# [Activity]
Transcribe the full listing exactly, and drop every picture.

# [Data extract]

>>>

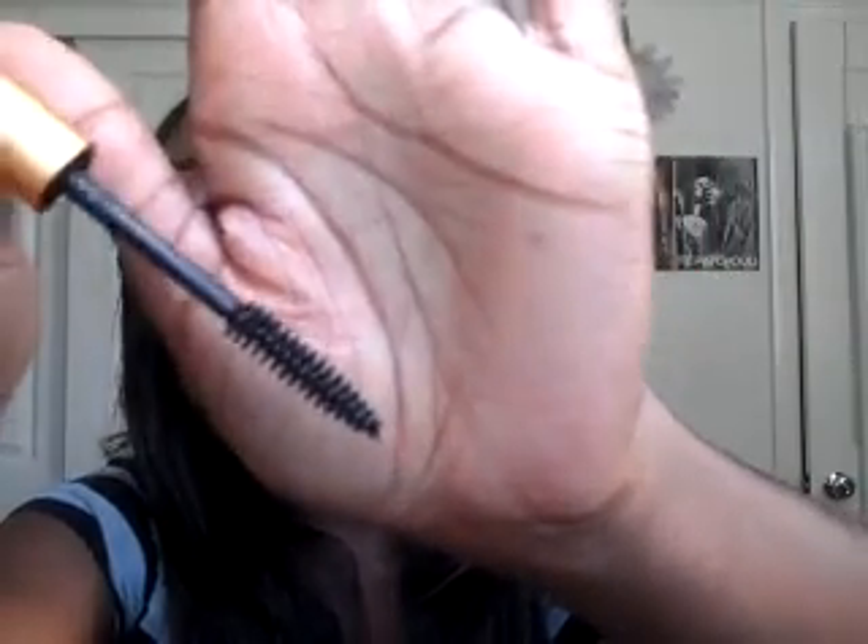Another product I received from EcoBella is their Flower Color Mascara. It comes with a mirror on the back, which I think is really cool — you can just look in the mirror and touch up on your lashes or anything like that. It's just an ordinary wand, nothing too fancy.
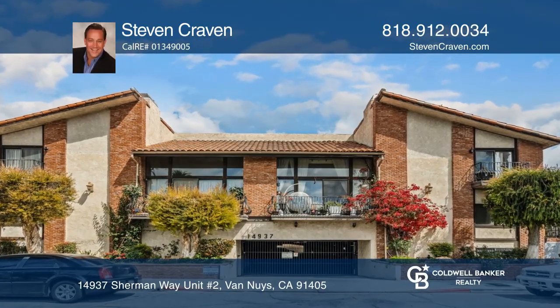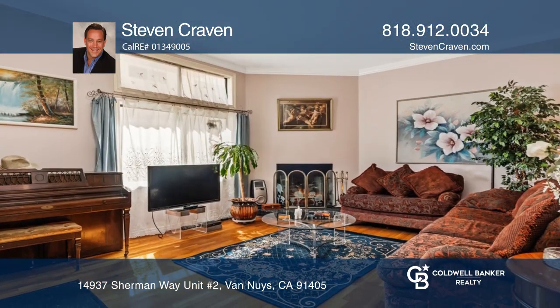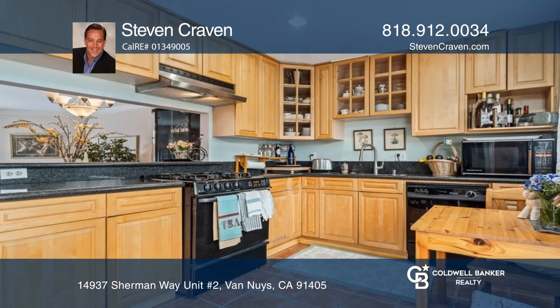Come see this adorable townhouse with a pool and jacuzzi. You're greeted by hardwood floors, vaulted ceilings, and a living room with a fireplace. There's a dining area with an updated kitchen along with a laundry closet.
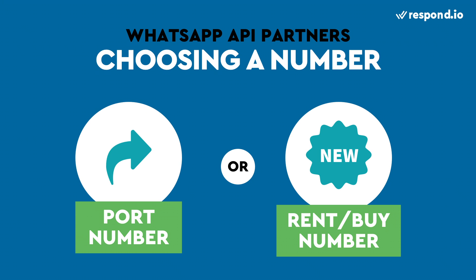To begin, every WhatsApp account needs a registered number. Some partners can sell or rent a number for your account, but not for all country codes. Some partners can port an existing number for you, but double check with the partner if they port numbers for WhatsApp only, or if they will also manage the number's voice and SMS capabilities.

<<<

# [Result for this task]
Another product I received from EcoBella is their Flower Color Mascara. It comes with a mirror on the back, which I think is really cool — you can just look in the mirror and touch up on your lashes or anything like that. It's just an ordinary wand, nothing too fancy.
Come see this adorable townhouse with a pool and jacuzzi. You're greeted by hardwood floors, vaulted ceilings, and a living room with a fireplace. There's a dining area with an updated kitchen along with a laundry closet.
To begin, every WhatsApp account needs a registered number. Some partners can sell or rent a number for your account, but not for all country codes. Some partners can port an existing number for you, but double check with the partner if they port numbers for WhatsApp only, or if they will also manage the number's voice and SMS capabilities.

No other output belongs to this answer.